Я видел, как одернули спрашивающего. Кто-то пробасил: «Ясно». И никаких разъяснений не потребовалось.
Не было ни одной группы посетителей, не проходило ни одного дня, чтобы мне не задавали с нескрываемой скорбью сакраментальный вопрос:
– Как вы думаете, вернемся мы когда-нибудь в Россию?
Видно было, что никто уже не верит в победу немцев, и у меня перед большой картой, на которой линия фронта неизменно и быстро продвигалась на запад, толпились люди, испытавшие, видимо, двойное чувство: подсознательной гордости своей родиной и своей армией и… страха за свою судьбу.
Приходили ко мне и малыми группами сжившихся между собой друзей, и тогда разговор терял свой условный характер и становился совершенно откровенным и доверительным. Приходили старики-участники белого движения, которые ни в чем не изменились за 25 лет большевистского режима… Приходило много молодежи, мало по-настоящему образованной, с превратными понятиями, но развитой больше, чем было в наше время, любознательной и ищущей. Они не скрывали от меня, что состояли в комсомоле; но, видимо, при столкновении с внешним миром глаза их открывались, и коммунистическая труха спадала с них легко… Большинство уверяли, что поступили в комсомол только потому, что иначе «не было никакого выхода в жизни».

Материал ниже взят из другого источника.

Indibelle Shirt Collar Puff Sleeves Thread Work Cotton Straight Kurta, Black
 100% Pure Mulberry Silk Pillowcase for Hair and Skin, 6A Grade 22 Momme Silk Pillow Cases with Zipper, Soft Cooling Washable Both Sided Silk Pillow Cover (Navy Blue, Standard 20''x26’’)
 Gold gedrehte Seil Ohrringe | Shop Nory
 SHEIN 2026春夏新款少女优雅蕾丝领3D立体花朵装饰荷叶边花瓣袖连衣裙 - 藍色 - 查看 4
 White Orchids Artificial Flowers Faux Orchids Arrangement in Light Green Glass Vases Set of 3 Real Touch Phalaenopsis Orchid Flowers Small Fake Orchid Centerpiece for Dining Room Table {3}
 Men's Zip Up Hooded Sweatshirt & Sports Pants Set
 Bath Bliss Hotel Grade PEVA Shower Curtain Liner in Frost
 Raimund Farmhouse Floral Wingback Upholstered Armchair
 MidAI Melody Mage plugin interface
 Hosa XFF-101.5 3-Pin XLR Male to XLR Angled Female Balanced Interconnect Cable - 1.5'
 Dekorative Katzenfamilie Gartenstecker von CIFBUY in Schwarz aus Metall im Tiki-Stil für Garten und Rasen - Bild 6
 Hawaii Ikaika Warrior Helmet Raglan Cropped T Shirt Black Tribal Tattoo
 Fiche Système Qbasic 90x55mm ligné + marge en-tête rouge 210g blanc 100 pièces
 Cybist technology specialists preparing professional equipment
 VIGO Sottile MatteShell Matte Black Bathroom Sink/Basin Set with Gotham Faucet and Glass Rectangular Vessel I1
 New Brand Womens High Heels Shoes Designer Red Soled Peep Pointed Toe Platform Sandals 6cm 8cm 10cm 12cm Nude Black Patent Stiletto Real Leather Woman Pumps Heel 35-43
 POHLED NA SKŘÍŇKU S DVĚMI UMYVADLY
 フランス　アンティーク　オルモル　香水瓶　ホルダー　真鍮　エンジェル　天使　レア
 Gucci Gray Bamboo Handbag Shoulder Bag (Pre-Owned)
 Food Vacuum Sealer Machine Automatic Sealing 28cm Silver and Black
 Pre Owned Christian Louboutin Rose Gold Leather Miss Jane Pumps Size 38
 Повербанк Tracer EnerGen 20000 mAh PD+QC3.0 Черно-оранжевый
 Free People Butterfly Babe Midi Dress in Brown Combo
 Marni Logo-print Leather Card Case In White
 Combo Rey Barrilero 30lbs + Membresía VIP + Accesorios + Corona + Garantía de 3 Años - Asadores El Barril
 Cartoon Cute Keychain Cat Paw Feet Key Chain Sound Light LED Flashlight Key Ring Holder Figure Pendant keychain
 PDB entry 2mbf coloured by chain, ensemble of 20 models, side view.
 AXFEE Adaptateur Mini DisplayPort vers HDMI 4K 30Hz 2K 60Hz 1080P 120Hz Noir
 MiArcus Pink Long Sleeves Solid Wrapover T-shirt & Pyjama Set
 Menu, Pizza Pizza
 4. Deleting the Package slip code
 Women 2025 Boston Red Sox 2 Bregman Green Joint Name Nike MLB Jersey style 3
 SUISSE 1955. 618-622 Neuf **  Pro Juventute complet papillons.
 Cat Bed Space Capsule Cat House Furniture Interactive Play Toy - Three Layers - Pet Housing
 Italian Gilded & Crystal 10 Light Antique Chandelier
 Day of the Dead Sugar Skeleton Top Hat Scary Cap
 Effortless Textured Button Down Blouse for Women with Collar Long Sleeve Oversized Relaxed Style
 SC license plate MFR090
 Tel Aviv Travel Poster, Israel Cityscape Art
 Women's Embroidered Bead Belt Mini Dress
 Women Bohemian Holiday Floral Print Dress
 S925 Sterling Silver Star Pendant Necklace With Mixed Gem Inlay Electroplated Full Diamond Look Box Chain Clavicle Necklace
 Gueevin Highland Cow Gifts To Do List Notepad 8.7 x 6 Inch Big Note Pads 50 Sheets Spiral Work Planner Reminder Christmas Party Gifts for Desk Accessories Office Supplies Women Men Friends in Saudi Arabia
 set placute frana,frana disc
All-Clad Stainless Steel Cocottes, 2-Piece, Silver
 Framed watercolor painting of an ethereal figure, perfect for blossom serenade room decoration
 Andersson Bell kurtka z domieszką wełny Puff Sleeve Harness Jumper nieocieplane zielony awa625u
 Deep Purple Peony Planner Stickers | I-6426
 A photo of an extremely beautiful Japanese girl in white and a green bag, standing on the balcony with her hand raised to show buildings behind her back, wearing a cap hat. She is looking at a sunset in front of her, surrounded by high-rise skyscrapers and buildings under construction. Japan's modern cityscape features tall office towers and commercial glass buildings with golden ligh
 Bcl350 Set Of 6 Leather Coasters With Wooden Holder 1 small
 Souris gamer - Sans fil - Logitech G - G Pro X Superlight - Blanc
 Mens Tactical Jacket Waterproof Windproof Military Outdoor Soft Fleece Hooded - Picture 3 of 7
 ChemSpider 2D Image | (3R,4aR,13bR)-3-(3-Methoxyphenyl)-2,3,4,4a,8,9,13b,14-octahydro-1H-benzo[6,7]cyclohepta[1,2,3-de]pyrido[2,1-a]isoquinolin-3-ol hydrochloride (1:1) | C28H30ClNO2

Приходили разновременно и два коммуниста. Один - офицер - пытался даже доказывать коммунистические «истины», явно зазубренные из краткого конспекта истории партии, и похваливался советской «счастливой жизнью». Но, уличенный в неправде, сознавался, что пока ее нет, но будет… Другой коммунист, более скромный, нерешительно оправдывался в своей принадлежности к партии.
Я спросил: - Скажите, чем объяснить такое обстоятельство: вам известно, что, если бы немцы узнали, что вы коммунист, вас бы немедленно расстреляли. А вы не боитесь сознаться в этом?
Молчит.
– Ну, тогда я за вас отвечу. Перед своими советскими вы не откроетесь, потому что 25 лет вас воспитывали в атмосфере доносов, провокации и предательства. А я, вы знаете, хоть и враг большевизма, но немцам вас не выдам. В этом глубокая разница психологии вашей - красной и нашей - белой.